There was a dramatic upsurge in violence in the Middle East yesterday as Israeli helicopters and tanks fired missiles at Palestinian security targets in the Gaza Strip. This was after Palestinians had fired mortar shells at a town inside Israel proper.
And Israeli and Arab leaders exchanged fiery rhetoric in the wake of Israel's aerial assault early yesterday morning on a Syrian installation in Lebanon.
The Palestinians fired six mortars from Gaza into Israel yesterday afternoon, two of which landed in the town of Sderot. There were no injuries and no damage to property.

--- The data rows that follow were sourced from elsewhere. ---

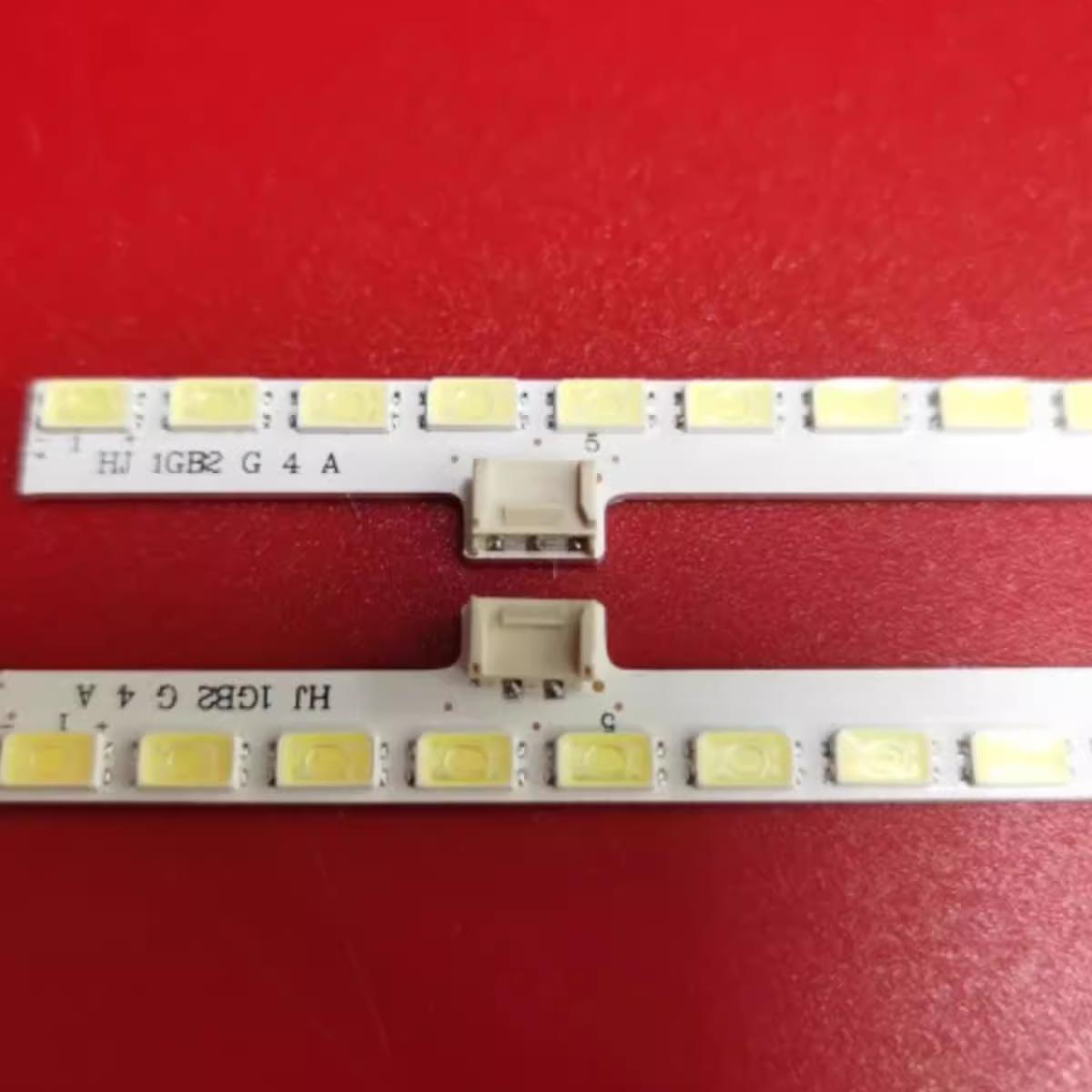 海尔LE32T6康冠LE32S15P创维32E61HR 灯条3660L-0386A液晶电视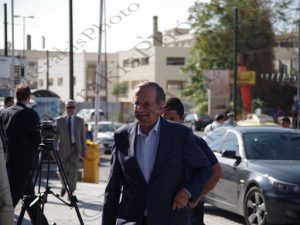 02 ΜΗΤΣΟΤΑΚΗΣ ΟΜΙΛΙΑ ΠΟΛΙΤΙΚΗ ΕΠΙΤΡΟΠΗ ΜΟΣΧΑΤΟ 04-10-2016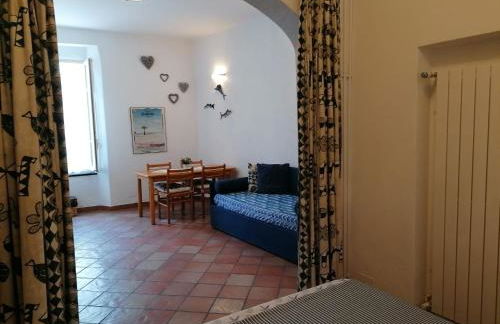 La casetta del pescatore - Foto 6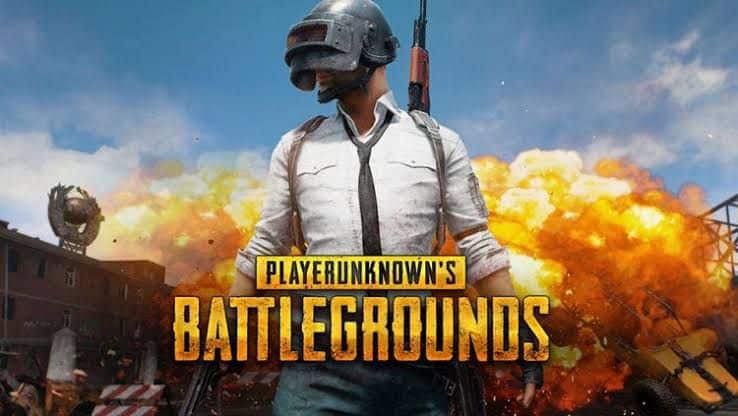 Super Esports Series PUBG Digelar di Kalbar, 1 Tim Terbaik Dikirim ke Jakarta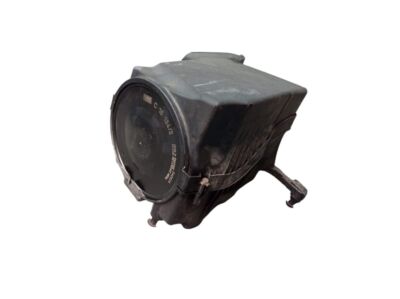 Luftfiltergehäuse Luftfilterkasten für FORD C-MAX (DM2) 1.8 7M51-9600-AE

While the Palestinians have fired mortars in recent weeks at Israeli communities on the Gaza border, yesterday's attack was a marked escalation, in that Sderot is several kilometres from the Strip. Most of the mortar attacks have also been aimed at Jewish settlements in Gaza, and this was the deepest attack inside Israel so far.
The Israeli response was swift, with tanks firing shells at Palestinian security installations in Gaza. Towards the late evening, Israel launched a second strike, this time unleashing helicopter gunships which hit Palestinian security targets in the central Gaza town of Dir el-Balah. The Palestinians reported a total of four people injured.
Meanwhile, Israeli leaders almost across the political spectrum justified the decision by their Prime Minister, Mr Ariel Sharon, to send his warplanes to bomb a Syrian radar station deep in Lebanon. Three Syrian soldiers were killed and six injured in the first Israeli attack on a Syrian target in Lebanon.
Israeli Defence Minister Mr Benjamin Ben-Eliezer said that since Israel had withdrawn its troops from Lebanon in May last year it had followed a "policy of restraint" in the face of cross-border attacks by Shi'ite Hizbollah guerrillas, but that "new rules of the game" now applied in Lebanon.
Israel said the aerial attack was in response to the killing of an Israeli soldier who died Saturday in a Hizbollah attack on the Israeli-Lebanese border.
After hours of official silence in Damascus, Syrian Foreign Minister Mr Farouk A-Shara, who was visiting Moscow, yesterday said Israel had committed a "grave error" and that it would "receive the appropriate response at the appropriate time".
The United States yesterday blamed Hizbollah guerrillas for the escalating violence.